Where do you stand with things? You know, life stuff. Do you feel like you have it all figured out? Let me let you in on a secret – I don’t. It’s not just me either. I was having dinner with a friend the other weekend. As we talked, we both shared that we felt like we needed to get our lives together. That doesn’t mean that things are bad. For both of us, there are areas in our lives that are popping and awesome! Because of that, sometimes it makes it hard to acknowledge the areas where you want there to be more. While we’re both happy with where we are in life right now, there’s a nagging feeling that there is more in us to do.
For me, I’m on this journey of re-discovering my purpose. As I peel the layers back, I’m starting to pivot on some of the things that I was really into. Some things I’m just less interested in. Even though it can be a tough pill to swallow, it’s ok. Acknowledging that I’ve outgrown some things is a good thing. It’s trying to hold on to those things that will hold me back. Still, that doesn’t make it easy. I’m trying to remember that letting go of something only makes room for something else, something better.
I think our family’s move is bringing up a lot of stuff for me. I hadn’t considered that moving over and hour away from our old home would bring some upheaval for me. That’s exactly what’s happening though. I have been so focused on what this move means for my kids and making sure they’re adjusting that I haven’t focused on me. My attention has been on addressing all of their questions, fears and concerns and not even thinking about my own. It took me having dinner with my friend for me to even allow that light bulb to pop on. She reminded me that our relocation doesn’t only impact the kids and to give myself the space to process and adjust. While it’s a good thing for our family, it’s still change.
I’m finding that as my life is changing and I’m getting older, the things I want are changing as well. All of this has me still figuring things out. Still trying to figure out my place in this world and giving more thought to the impact I want to make on this world. Is that a bad thing? I’ve heard people be down on themselves because their life doesn’t look a certain way. I think that what having it together looks like has changed because we have social media giving us snapshots of life.
We forget that those pics/videos are the highlight reel and that real life happens after that post is shared. As an example, I remember sharing a picture of me out having fun with my kids. They were smiling in the picture. Not long after I posted it, they took turns having meltdowns. Both are real life. Still the one I posted of them smiling is what people get to see. And so people walk away thinking life is perfect and that I’ve got it all figured out.

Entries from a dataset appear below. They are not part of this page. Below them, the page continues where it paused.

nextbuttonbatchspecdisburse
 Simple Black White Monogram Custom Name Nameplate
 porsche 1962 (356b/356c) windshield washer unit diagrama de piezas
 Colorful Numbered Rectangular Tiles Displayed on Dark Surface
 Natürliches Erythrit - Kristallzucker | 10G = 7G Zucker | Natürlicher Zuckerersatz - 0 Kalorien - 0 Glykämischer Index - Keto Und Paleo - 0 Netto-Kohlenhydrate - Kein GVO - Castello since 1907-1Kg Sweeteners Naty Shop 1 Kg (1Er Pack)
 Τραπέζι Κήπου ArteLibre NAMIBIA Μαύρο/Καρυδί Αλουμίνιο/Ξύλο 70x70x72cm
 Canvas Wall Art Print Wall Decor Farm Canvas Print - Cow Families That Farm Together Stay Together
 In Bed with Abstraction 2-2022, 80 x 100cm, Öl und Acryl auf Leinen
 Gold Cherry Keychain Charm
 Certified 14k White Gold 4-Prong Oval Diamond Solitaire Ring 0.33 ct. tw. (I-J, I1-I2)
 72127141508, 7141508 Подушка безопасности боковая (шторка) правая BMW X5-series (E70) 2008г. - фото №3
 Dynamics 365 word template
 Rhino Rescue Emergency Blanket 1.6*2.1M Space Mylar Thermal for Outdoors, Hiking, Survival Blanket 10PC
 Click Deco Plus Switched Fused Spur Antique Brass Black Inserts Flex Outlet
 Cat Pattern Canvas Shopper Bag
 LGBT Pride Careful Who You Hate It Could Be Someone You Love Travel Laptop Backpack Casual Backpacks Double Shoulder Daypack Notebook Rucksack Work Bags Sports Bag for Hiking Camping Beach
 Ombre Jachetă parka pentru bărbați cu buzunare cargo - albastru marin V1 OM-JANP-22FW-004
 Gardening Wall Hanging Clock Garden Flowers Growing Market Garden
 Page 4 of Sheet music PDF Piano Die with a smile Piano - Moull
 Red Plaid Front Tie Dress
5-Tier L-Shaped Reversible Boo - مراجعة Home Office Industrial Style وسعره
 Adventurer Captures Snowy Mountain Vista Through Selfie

If you are looking at other people and feeling like you don’t measure up – stop. If you’re looking at social media and feeling like everyone is doing better than you – don’t. It’s ok to not have it all figured out yet. It’s ok to still be working some stuff out. Life changes all the time and it changes what we are able to to, have time to do and what our focus is. All of that is ok. My advice, let go of the need to have life all figured out. It’s like chasing perfection. You’ll never get there. Life changes too much to chase a moving target like perfection. Instead, get quiet. Think about what you need to do to feel like you’re moving in the right direction. Then do that. Make a small step forward in that direction. Keep making those small steps until you see things changing.
What does that look like for me? I give myself some quiet time to sit down and write. Writing helps me focus. It clears my mind and helps me sort through my feelings and goals. From there, I can come up with a plan of next steps. Still working on figuring things out? What does having it all figured out mean to you?